9/01/2015

timor mortis

The knowledge that we will all die is a strange dark flower on the long history of human cognitive evolution. It may be the concept that more than anything else - more than the language we use to express it, more than the emotional capacity to grieve it and the episodic memory we use to recall it - marks the decisive branching of homo sapiens sapiens from our hominid ancestors. Death is what came into the garden when we ate the apple of knowledge. It came to us not as a punishment, but simply because it is the unavoidable consequence of having a certain capacity to know, to travel in time and see that we will not be alive forever.
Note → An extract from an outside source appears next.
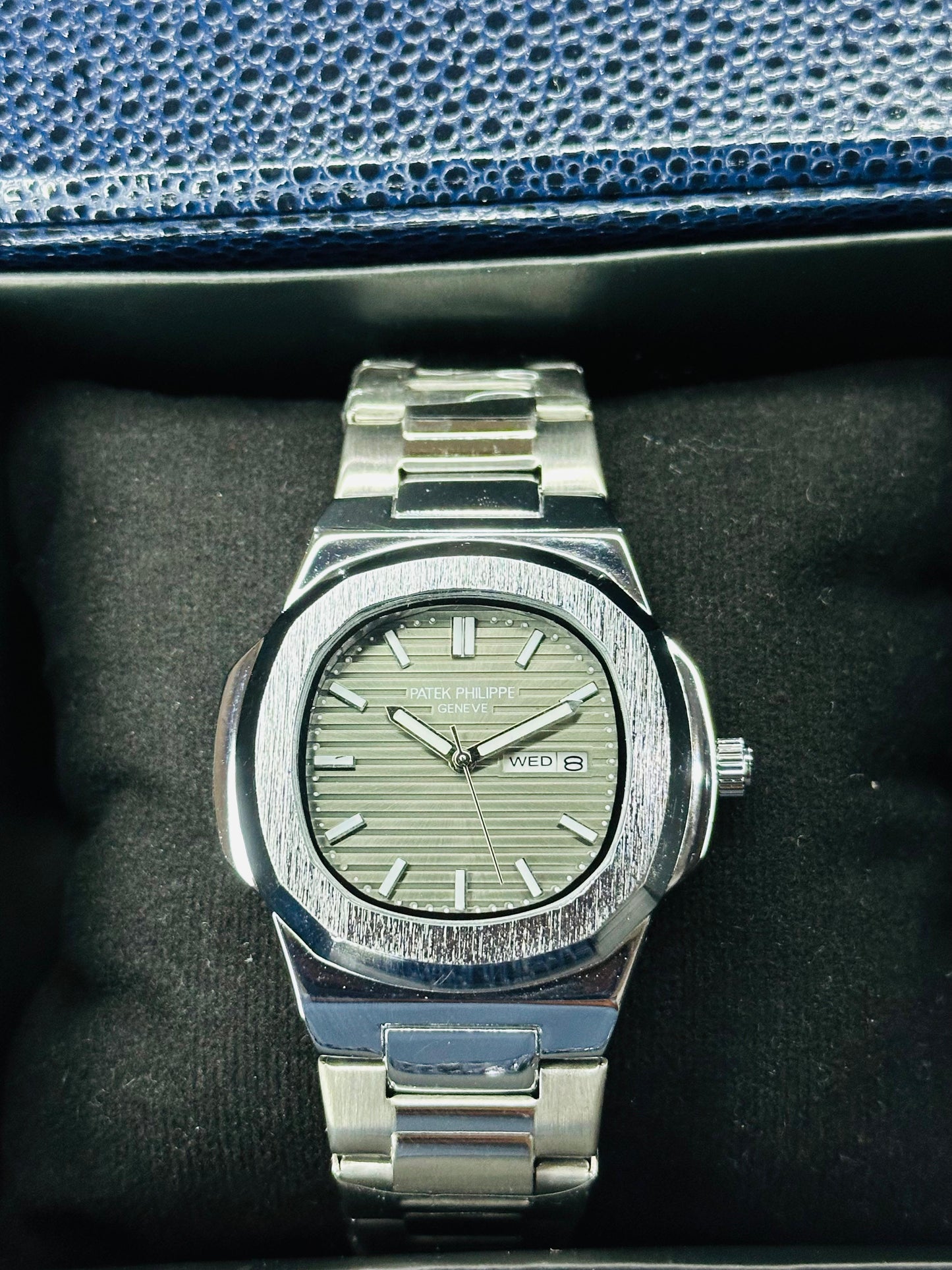 Pattek Philippie Men's Watch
Whatever that final tweak of cognitive capacity was, we have spent the millenia since trying to incorporate the knowledge and manage the dilemma that results. How do you live a meaningful life when you know it's going to end?

...

Certainly, as a way of coping with the thought of death, we often turn to thoughts about other 'bigger' structures that may be immune to it. But we don't do this simply to bury our fear under a cortical carpet and stomp the rug down. The response is not entirely about suppression, about stopping yourself thinking about something unpleasant. It is an active response in order to resolve a situation, take control of it - because you must take steps to deal, not just with the present fear but also the future reality. The tiger will get you, so what are you going to do about it if you are not to remain paralyzed?

So some people write poems.

- Alice Major, from her essay "The Wide and Starry Sky: Falling in Love with the Poem" in the Summer 2015 (#135) issue of The New Quarterly.